Située en Bretagne, au large de la Pointe du Raz, la petite Ile de Sein (56 hectares) comprend 1 400 habitants en septembre 1939. Une grande partie des hommes sont mobilisés alors qu'une petite garnison d'une vingtaine d'hommes y prend place.
En juin 1940, en plus des combats aériens qui se déroulent au-dessus de leurs têtes, les informations parviennent aux Sénans par les bateaux qui accostent ou par les rares postes de TSF à accus et à galènes qui se trouvent sur l'Ile sur laquelle il n'y a pas l'électricité.
C'est ainsi que sont connues, le 19, la prise de Rennes et l'évacuation de Brest.

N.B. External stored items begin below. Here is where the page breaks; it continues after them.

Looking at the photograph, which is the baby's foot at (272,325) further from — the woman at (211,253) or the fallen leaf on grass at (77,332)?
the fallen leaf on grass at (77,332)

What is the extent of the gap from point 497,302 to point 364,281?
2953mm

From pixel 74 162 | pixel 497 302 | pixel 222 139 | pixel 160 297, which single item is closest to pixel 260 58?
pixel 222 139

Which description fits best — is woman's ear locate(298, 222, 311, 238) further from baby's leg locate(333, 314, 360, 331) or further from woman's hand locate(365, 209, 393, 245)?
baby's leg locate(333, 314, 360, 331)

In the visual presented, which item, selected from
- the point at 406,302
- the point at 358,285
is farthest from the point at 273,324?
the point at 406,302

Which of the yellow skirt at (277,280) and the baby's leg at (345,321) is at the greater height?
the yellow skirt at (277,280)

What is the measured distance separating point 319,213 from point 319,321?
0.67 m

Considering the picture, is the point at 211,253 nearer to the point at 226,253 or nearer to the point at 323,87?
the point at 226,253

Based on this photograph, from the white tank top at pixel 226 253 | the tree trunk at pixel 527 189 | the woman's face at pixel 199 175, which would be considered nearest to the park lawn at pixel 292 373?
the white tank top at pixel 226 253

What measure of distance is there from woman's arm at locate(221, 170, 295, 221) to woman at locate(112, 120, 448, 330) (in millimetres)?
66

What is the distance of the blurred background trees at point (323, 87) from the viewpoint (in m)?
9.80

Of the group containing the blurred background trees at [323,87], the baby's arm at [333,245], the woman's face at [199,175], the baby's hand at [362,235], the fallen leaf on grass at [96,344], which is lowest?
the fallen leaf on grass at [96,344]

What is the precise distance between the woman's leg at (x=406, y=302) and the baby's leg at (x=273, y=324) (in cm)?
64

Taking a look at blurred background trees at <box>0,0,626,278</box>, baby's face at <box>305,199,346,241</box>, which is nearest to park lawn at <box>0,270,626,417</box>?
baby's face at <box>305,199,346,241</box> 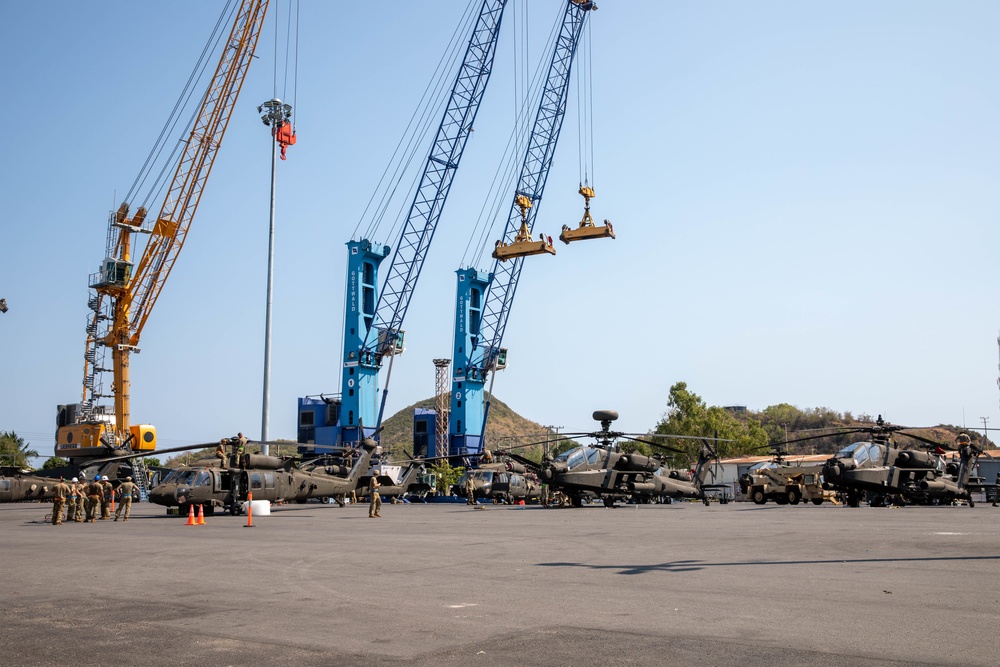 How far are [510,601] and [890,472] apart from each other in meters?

Le jour même, l'Ar Zénith, qui assure deux fois par semaine le transport de passagers, de marchandises et du courrier entre Audierne et l'Ile de Sein, fait escale sur l'Ile. Il a à son bord une centaine de militaires dont des chasseurs alpins, des jeunes gens d'Audierne et du matériel de guerre qu'il doit emmener à Ouessant. Vers 19H00, il repart avec exclusivement les militaires, accompagné de la Velléda, ravitailleur des phares, qui a pris en charge les civils et les iliens. En réalité l'Ar Zénith, après escale à Ouessant, traverse la Manche sur ordre des autorités militaires et gagne Plymouth ; les quatre membres de son équipage sont les premiers habitants de l'Ile à partir vers l'Angleterre.
Le retour de la Velléda le lendemain informe les Sénans de la situation. Le 21 juin, la garnison quitte Sein. Prévenus qu'un général français doit parler à la radio de Londres, quelques dizaines d'iliens, réunis autour d'un des postes de TSF, entendent le discours du général de Gaulle le 22 juin. Fortement impressionné, chacun retourne chez soi alors que des avions bombardent des cargos qui passent au large.

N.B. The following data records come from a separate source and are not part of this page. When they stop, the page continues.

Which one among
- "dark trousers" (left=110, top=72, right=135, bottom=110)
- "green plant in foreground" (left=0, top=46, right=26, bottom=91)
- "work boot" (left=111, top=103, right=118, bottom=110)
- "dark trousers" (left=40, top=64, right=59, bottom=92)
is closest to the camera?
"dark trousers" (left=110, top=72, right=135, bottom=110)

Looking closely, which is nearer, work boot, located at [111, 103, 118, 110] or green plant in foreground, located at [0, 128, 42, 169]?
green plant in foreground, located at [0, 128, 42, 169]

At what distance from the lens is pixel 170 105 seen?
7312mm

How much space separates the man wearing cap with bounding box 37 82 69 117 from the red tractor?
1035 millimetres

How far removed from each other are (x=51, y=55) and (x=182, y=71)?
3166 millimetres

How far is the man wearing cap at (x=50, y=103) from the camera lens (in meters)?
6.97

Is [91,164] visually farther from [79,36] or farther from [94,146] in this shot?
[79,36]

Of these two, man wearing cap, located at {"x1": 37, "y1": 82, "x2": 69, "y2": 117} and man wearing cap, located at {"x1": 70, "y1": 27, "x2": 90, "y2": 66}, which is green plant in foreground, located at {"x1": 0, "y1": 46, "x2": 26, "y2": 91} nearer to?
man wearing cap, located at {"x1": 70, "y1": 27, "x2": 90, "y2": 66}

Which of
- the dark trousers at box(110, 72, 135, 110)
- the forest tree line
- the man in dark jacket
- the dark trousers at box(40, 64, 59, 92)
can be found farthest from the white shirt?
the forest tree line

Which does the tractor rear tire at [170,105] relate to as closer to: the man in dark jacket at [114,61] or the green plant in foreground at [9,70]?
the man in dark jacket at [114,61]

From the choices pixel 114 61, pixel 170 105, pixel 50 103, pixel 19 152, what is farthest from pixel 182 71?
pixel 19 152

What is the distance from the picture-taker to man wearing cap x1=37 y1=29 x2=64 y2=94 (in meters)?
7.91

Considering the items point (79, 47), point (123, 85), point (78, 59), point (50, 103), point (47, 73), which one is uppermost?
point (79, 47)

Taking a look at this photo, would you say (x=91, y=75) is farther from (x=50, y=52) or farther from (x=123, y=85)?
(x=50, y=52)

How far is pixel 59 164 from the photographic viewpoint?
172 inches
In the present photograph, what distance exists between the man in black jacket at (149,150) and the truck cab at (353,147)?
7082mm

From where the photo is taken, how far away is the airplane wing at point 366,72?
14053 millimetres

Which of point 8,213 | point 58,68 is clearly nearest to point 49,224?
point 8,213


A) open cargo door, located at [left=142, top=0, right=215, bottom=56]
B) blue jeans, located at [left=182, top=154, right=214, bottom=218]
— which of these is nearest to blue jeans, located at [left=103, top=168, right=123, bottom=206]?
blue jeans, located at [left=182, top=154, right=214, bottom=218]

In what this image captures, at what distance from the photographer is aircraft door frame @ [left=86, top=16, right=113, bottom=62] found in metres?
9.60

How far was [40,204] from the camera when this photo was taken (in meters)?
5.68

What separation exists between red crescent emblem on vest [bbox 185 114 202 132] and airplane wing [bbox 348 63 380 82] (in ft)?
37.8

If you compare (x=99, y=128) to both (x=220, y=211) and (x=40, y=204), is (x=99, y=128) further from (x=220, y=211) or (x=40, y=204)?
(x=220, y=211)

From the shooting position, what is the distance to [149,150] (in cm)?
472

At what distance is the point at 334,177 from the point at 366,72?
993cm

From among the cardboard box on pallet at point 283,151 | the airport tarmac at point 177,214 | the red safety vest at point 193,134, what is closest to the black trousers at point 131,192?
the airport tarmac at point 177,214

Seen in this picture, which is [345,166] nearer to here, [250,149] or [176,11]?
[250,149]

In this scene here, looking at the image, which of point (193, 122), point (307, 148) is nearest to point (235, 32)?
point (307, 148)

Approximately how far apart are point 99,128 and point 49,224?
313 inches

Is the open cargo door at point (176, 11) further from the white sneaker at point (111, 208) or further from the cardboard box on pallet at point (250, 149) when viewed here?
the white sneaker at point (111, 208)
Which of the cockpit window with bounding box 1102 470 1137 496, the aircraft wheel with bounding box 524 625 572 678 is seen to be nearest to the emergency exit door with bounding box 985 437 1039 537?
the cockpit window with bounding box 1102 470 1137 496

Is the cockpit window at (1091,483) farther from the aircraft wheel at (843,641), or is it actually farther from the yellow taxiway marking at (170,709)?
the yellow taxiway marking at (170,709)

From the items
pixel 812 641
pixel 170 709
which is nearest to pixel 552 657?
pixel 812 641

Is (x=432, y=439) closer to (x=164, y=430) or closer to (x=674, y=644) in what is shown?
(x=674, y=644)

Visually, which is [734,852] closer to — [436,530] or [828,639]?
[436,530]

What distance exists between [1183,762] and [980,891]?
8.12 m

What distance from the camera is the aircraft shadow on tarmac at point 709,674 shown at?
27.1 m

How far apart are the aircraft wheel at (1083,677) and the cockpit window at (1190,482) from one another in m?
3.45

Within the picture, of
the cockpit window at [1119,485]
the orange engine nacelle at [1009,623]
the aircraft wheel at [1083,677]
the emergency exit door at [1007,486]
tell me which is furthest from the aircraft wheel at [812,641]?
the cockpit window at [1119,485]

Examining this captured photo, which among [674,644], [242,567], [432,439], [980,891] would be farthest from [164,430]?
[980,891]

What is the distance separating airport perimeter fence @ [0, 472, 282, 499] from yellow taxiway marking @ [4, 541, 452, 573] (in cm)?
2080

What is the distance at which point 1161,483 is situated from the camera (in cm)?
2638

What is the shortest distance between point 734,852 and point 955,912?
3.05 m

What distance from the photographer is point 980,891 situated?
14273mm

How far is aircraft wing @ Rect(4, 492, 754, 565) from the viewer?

Le 24 juin, le maire fait afficher qu'un avis, reçu d'Audierne par téléphone, ordonne aux militaires de se rendre aux autorités allemandes d'Audierne. Réagissant à cette menace d'être fait prisonnier, Jean-Marie Porsmoguer et Prosper Couillandre prennent sur eux d'armer leurs bateaux, respectivement la Velléda et le Rouanez-ar-Mor. A 21 heures, les deux navires sont pleins, chargés d'hommes en âge de combattre.
Le 25 juin, un bateau de l'Ile se rend sur le continent où une affiche annonce que tous les hommes de 18 à 60 ans doivent se tenir à la disposition des troupes d'occupation. Nouvelle menace et nouvelle réaction : le lendemain, deux nouveaux bateaux, le Rouanez-ar-Péoc'h de François Fouquet et le Maris Stella de Martin Guilcher partent à leur tour. Le Corbeau des mers de Pierre Couillandre avec ses passagers les suit de peu. Comme la veille, le maire et le recteur (curé) encadrent ces départs et les plus jeunes (quinze ans ou moins) n'ont pas le droit de partir.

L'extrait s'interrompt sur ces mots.